The reply should contain the full listing exactly as written and no pictures at all.

• • • •

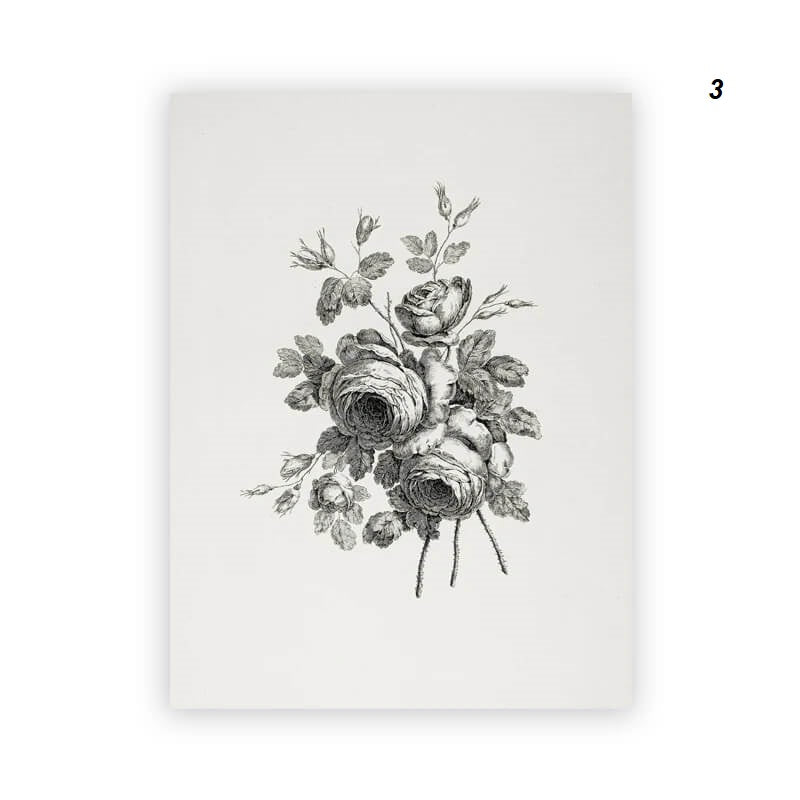 Vintage Rustic Black White Butterflies Landscape Flowers Canvas Print Nordic Country Minimalist Vintage Gallery Wall Art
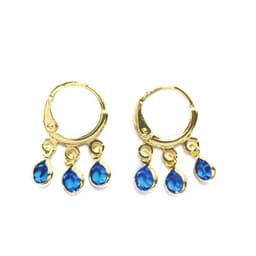 Aros Argolla 3 Circones Azules Enchapado Oro 18K Azul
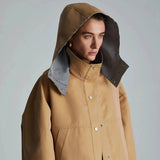 Mckay Patchwork Detachable Hooded Midi Trench Coat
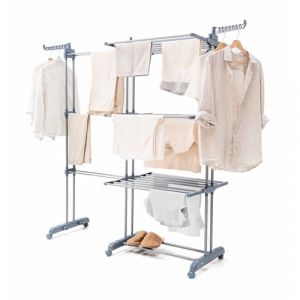 Innova Goods &Eacute;tendoir &agrave; linge vertical pliable et extensible Dolver XL avec roulettes, gris, 141 x 179 x 65 cm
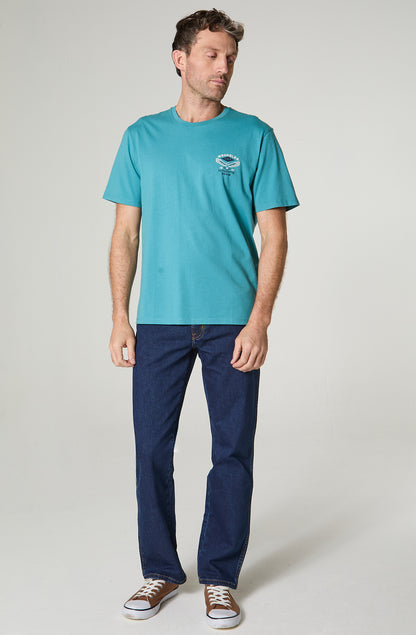 Polera Hombre Cuello Redondo Manga Corta Regular Fit 100% Cotton Turquesa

• • • •

*EXERCISE SOLUTION*:
 Vintage Rustic Black White Butterflies Landscape Flowers Canvas Print Nordic Country Minimalist Vintage Gallery Wall Art
 Aros Argolla 3 Circones Azules Enchapado Oro 18K Azul
 Mckay Patchwork Detachable Hooded Midi Trench Coat
 Innova Goods &Eacute;tendoir &agrave; linge vertical pliable et extensible Dolver XL avec roulettes, gris, 141 x 179 x 65 cm
 Polera Hombre Cuello Redondo Manga Corta Regular Fit 100% Cotton Turquesa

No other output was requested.